Borrowers looking to refinance debt on existing loans are having an understandably difficult time figuring out whether now is a good time to refinance debt on existing properties. But the good news is that there is liquidity in the market across property types for the borrowers who want to pull the trigger, said Scott Singer, principal and co-lead of Avison Young’s Tri-State Debt & Equity Finance team.
“I think the good news from my perspective is that we are in the market with a lot of deals and we are getting proposals on everything that is out there, across property types including development and land. There is liquidity in the market and there is a very strong desire on new deals to close in 2023, not 2022. It is certainly challenging but it is a liquid and functioning market,” Singer said.
It is difficult for a borrower to determine if now is a good time to move ahead with refinancing, particularly as 10-year Treasuries are moving upward. In the first quarter of 2022, the 10-year Treasury was in the range of 2.85 percent.

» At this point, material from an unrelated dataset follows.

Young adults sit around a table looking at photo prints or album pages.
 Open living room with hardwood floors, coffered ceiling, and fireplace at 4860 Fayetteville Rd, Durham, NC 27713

“That sounded high and borrowing rates on some deals were hitting 5 percent for the first time in a long time. The question was, ‘Should I refinance?’ With what has happened since then, the question has become ‘Can I and if I can, is it advisable?’” Singer said. “The argument we were making in the first quarter was 2.87 percent wasn’t so bad and I think in hindsight that sounds right now. If anyone could borrow based on a 2.87 Treasury today they would be highly likely to sign up.”
To figure out how to advise clients, the firm looked at historical Treasury rates from 1962 to present in an effort to gain some perspective on where the market is now and where it could be going next. This analysis showed Avison Young that rates in the 1960s had been as low at 4 percent at one point before rising steeply in the 1970s.

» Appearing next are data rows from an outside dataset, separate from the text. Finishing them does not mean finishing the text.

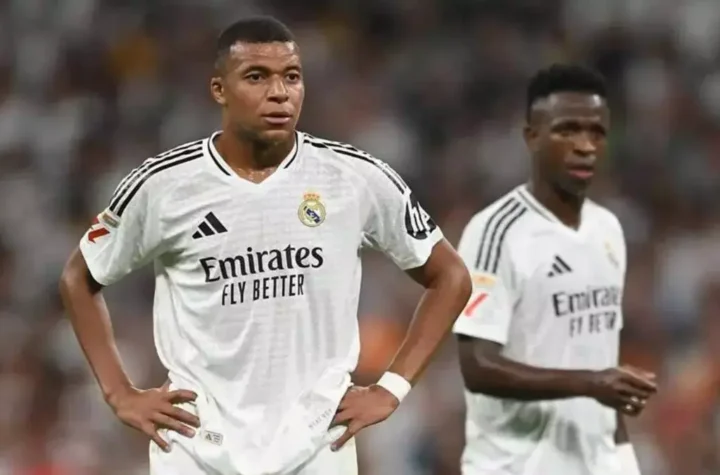 Two Real Madrid players stand on the pitch during a match with serious expressions.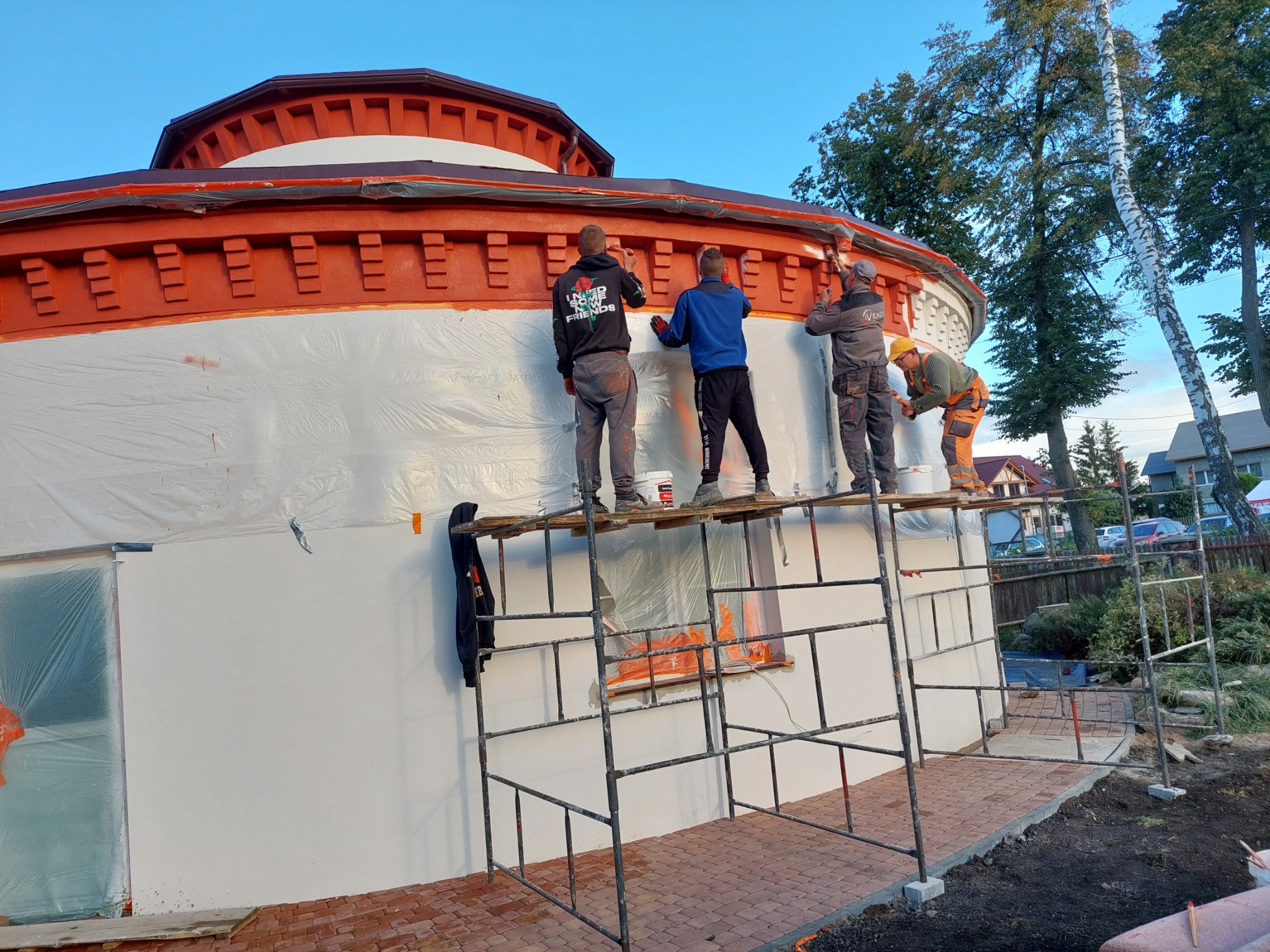 Czterech mężczyzn maluje elewację okrągłego budynku z rusztowania, zabezpieczonego folią, z widocznymi elementami dekoracyjnymi w kolorze ceglastym, na tle drzew i błękitnego nieba.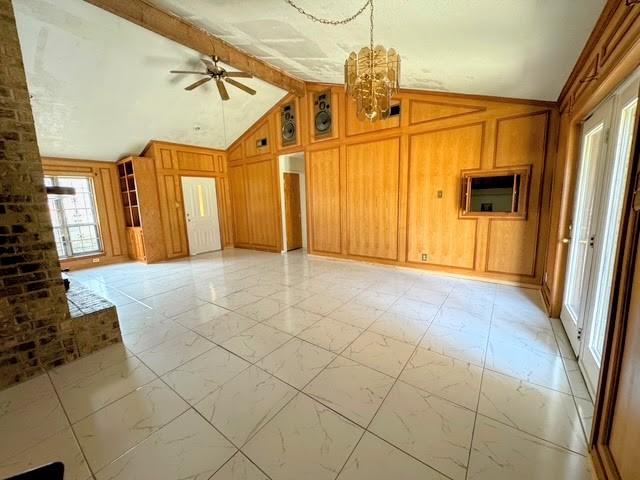 unfurnished living room featuring marble finish floor, wood walls, lofted ceiling with beams, and ceiling fan with notable chandelier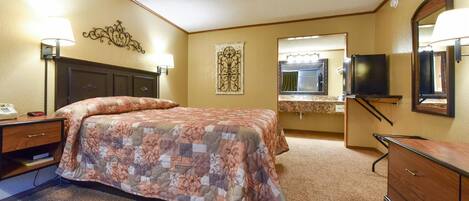 A hotel room with a bed, a desk, a dresser, a television, and a bathroom mirror.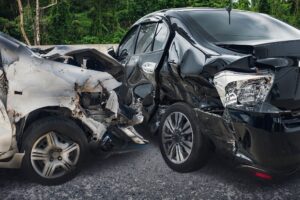 Black car vs silver car crash on the road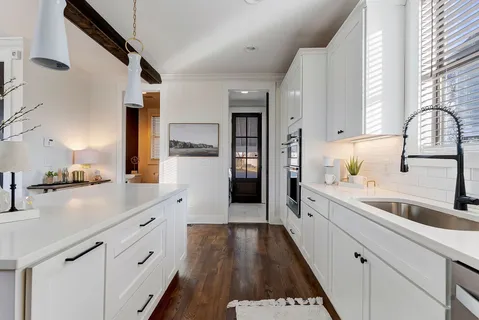 a large kitchen with a lot of counter space and wooden floor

“Has a market like this ever happened before? The answer is absolutely yes and we have had many environments where Treasuries were higher than this over a 25-year period, and we are only at that average,” Singer said. “What I see is very short periods of time with highs in short-term rates and then rapid declines. It can be politically difficult to hold short-term rates high for extended periods of time.”
Singer noted that he tends to focus on long-term borrowers, although his group does a lot of development financing.
“In our longest-duration look at Treasuries, I am asking where are we and what will happen next? Rates are going up now because the Federal Reserve is trying to stop high inflation. There have been various raises in rates over the past 25 years, but the last time the increases in market rates were driven to this point was to try and combat inflation in the late 1970s,” Singer said. “Can the Fed control the rise and can they stop the rise before getting into the very uncomfortable period that followed that rise in the late 1970s?”
At the end of the day, refinancing depends, to a certain extent, on what an owner or borrower feels about what is coming next and the approach they’re taking.
“I have tried to advise clients to focus on the asset, the game plan and the hold period and if the financing that is available in the market can be supported by the property, then I think on long-term holds it makes sense to focus on the real estate game rather than the interest rate game,” Singer said. “If you refinance now and Treasuries drop, do you wind up kicking yourself or kicking me? Probably. The alternative has been worse and the downside of not taking advantage of rates can be quite negative.”
There is one other factor for borrowers to consider: the decline in the impact of prepayment penalties.
“The simple summary is that prepayment penalties are totally different than they have been over the past five to 10 years. For many it has been the case if a loan has had more than 18 months, it seemed impossible or inadvisable to refinance because the prepayment penalty was so high. But because of the change in the yield curve, the cost to prepay loans is less expensive than it was,” Singer said.